地上デジタル放送で提供されるハイビジョン番組の著作権保護の仕組みとして,「コピー・ワンス」の運用を改めて,いわゆる「出力保護」を採用するよう,JEITA(電子情報技術産業協会)が放送業界に対して提案していることが明らかになった。

 コピー・ワンスは,「録画した番組を,オリジナルを残したまま他のメディアに複製(ダビング)できない」というもの。放送波にはコピー・ワンスの制御信号を多重するとともに,スクランブルを施す。この信号に正しく反応する受信機を製造するメーカーのみにスクランブルを解くのに必要となるB-CASカードを配布する仕組みであり,2004年4月から地上デジタル放送とBSデジタル放送で導入された。

 この仕組みを導入した後,「バックアップがとれない」「ムーブに失敗するとコンテンツが消失してしまう」などといった不満の声が視聴者から出ていた。このため,総務省の情報通信政策部会「地上デジタル放送推進に関する検討委員会」が2005年7月29日に出した第2次中間答申では,こうした不満の解消・低減がデジタル放送の受信機普及に向けた課題の一つと位置づけ,「メーカーや放送事業者などによる見直しの検討」を要請していた(答申は(こちら))。

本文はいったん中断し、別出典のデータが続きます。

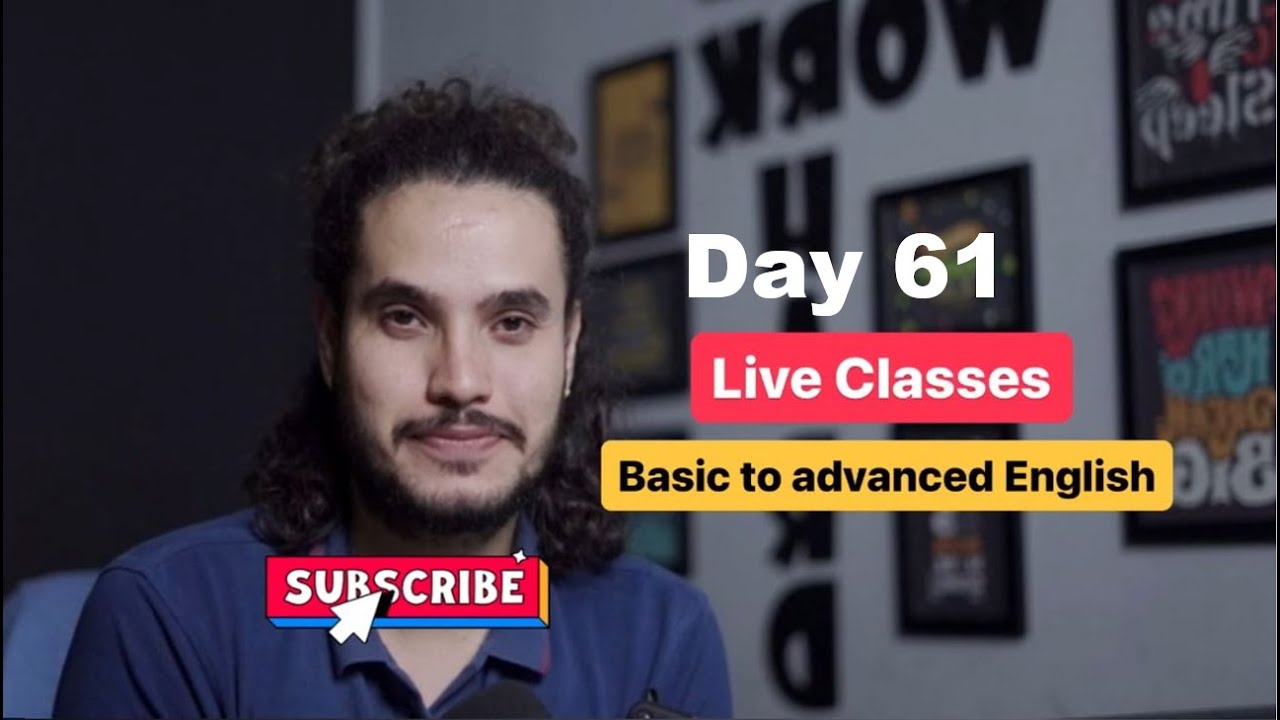 Live Classes (2.0) | Day 61 | Want to, Wants to | Don't, Doesn't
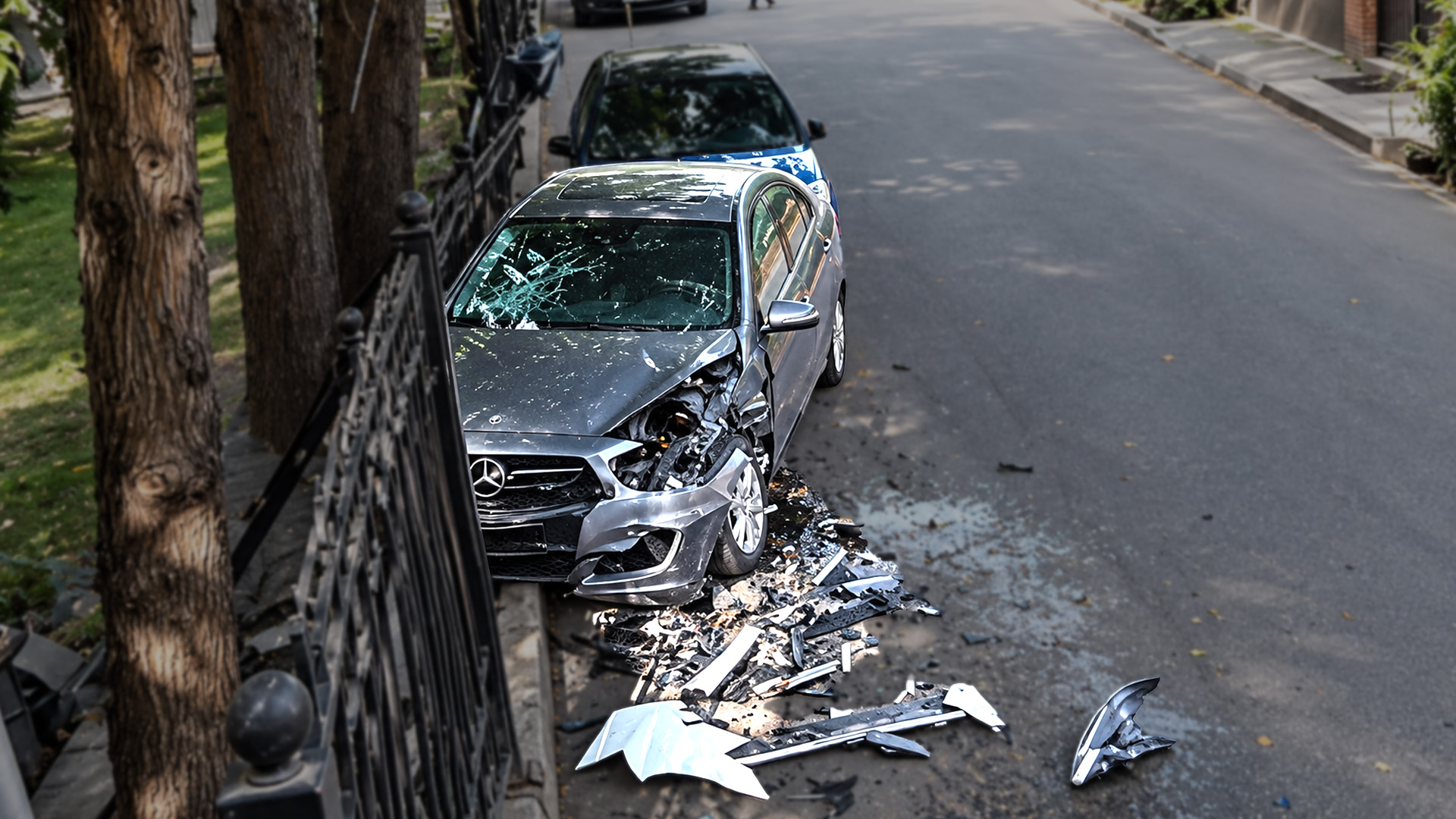 Crash caught on camera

 JEITAの提案はこうした動きを受けたもので,いわゆるEPNによる出力保護の運用を提唱する。EPNの基本的な考え方は,コピーに関する制約のないコンテンツに対しても,スクランブルをかけて出力することでコンテンツの著作権を保護しようという考え方。スクランブルをかけた映像はライセンスを受けた機器でのみ再生できる。この結果,デジタル放送で提供される番組は,いわゆる「コピー・フリー」ではないが,コピーの枚数制限や世代制限はなくなる。ただし,インターネットへ不正に再配信するといった行為に対しては歯止めをかけることができる。CPRMに対応する媒体にDVD-VR規格(いわゆるVRモード)で記録できるが,DVD-Video規格では記録できない。EPNについては既に地上デジタル放送の運用規定の中に記述されており,それを実際に運用しましょうという形の提案となる。実際,中間報告でも図表22で紹介されている。

 なお,BSデジタル放送受信機については,EPNの規定が定まる前に出荷されたものもある。こうした機種で受信した場合には完全にコピー・フリーになるため,今回の提案は地上デジタル放送に限定した形となる。